Exploring Dorset’s Jurassic Coast? From scenic walks to just-caught seafood, here’s our pick of the very best things to do in Lulworth Cove

Written by
Lisa Wright
Ellie Walker-Arnott
Sammy Jones

Lulworth Cove is a sheltered, shell-shaped bay edged with bright white pebbles. Its striking views attract hundreds of thousands of visitors throughout the summer – so we’d recommend a day trip during the early evening, or when the temperature dips. While you’re there you’ll become an amateur geographer, spotting and navigating towering rock formations that were shaped 25 million years ago when continental tectonic plates collided (also forming the Alps in the process). Though the smattering of pubs, restaurants and other great attractions in these parts might not have been around quite that long, plenty are still old enough to feel like a trip back in time. Ready? Here’s our pick of the very best things to do in Lulworth Cove.

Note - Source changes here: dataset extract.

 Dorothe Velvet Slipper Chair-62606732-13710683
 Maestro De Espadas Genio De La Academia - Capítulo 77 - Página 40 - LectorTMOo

RECOMMENDED: Find the best things to do in nearby Weymouth, Bournemouth and the New Forest

Best things to do in Lulworth Cove

First Up

The Boat Shed Café is nestled nice and close to the semicircular surf. They have Dorset speciality tea on deck, and a proper breakfast menu including full English breakfasts for both meat-eaters and vegetarians. Stop slightly later in the day to take advantage of The Boat Shed’s lunch, which puts the spotlight on freshly caught seafood. The mussels are well priced for one, while the ploughman’s (featuring poached salmon, Dorset crab, smoked mackerel and prawns) is made to share. Forgive us – but we reckon this has to be more of a fisherman’s.

Soak up the vibes

Don’t visit Lulworth Cove without exploring the breathtaking views and rolling cliffs of the surrounding area – all of which was classified as a World Heritage Site in 2001. Before you head over to the much better-known but further-away Durdle Door, negotiate the short walk to Stair Hole, one of the best places to see the geological talking point lovingly nicknamed the Lulworth Crumple. Made up of three mini-coves – plus a stack, arch and cave – there’s lots to observe from your tranquil spot high above the rippling waters.


Stop for lunch

Stroll 15 minutes inland and you’ll reach The Castle Inn, a thatched-roof pub specialising in local ales and posh pub grub. Think Brixham crab croquetas with preserved lemon mayo and Parmesan followed by Cheddar Valley strawberries, vegan cheesecake and strawberry sorbet. If all the hills have got you feeling justifiably lazy, Lulworth Cove Inn is another top lunchtime stop. It’s right on the main stretch leading up from the sea, and boasts a sun-trap beer garden plus a wood burner indoors. The Weld Arms, in nearby East Lulworth, also has a line in elegant pub grub, with local ciders to match. 

Go on an adventure

The cove itself might have a quiet pace – that’s what we’re all craving by heading down there, after all – but there’s plenty to do nearby if you want to switch up the energy levels. Seventeenth-century Lulworth Castle & Park (home of Bestival) is within walking distance and will have you feeling like royalty while on a grand tour of the grounds. Renowned primate sanctuary Monkey World (home to Europe’s only orang-utan creche) is also just a short drive away. Kids will love hanging out with the chimpanzees, lemurs and squirrel monkeys – but then, so did we.


Drink like a local

Settle in for a round of cold pints or sparkling English Garden cocktails at coastal hotel Lulworth Lodge, built on the site of Lulworth’s original watermill. You can also sip a glass of Devon champagne here, if you’re feeling fancy. Got a sweet tooth, or just enjoy all things kitsch? Order hot drinks and get a dose of nostalgia at The Dolls House. This super-cute little green fisherman’s cottage also sells old-fashioned sweets and fudge made in right here in Lulworth to take away with you.

If you only do one thing

Strap on your walking boots – seriously, this is no job for flip-flops – and take the South West Coast Path from Lulworth Cove to nearby Durdle Door. It’s a twenty-minute trek along a steep downhill path, plus 143 steps down to the beach if you want to brave it. It’s all very much worth it – once you get there, the views will give you some serious top-of-the-world feels. Durdle Door, with its truly iconic natural limestone arch, is a geological marvel – some reckon it looks like a dragon taking a big sip of the sea. No matter how good your photographic eye is, you’ll undoubtedly get some outstanding snaps to show off to everyone back home.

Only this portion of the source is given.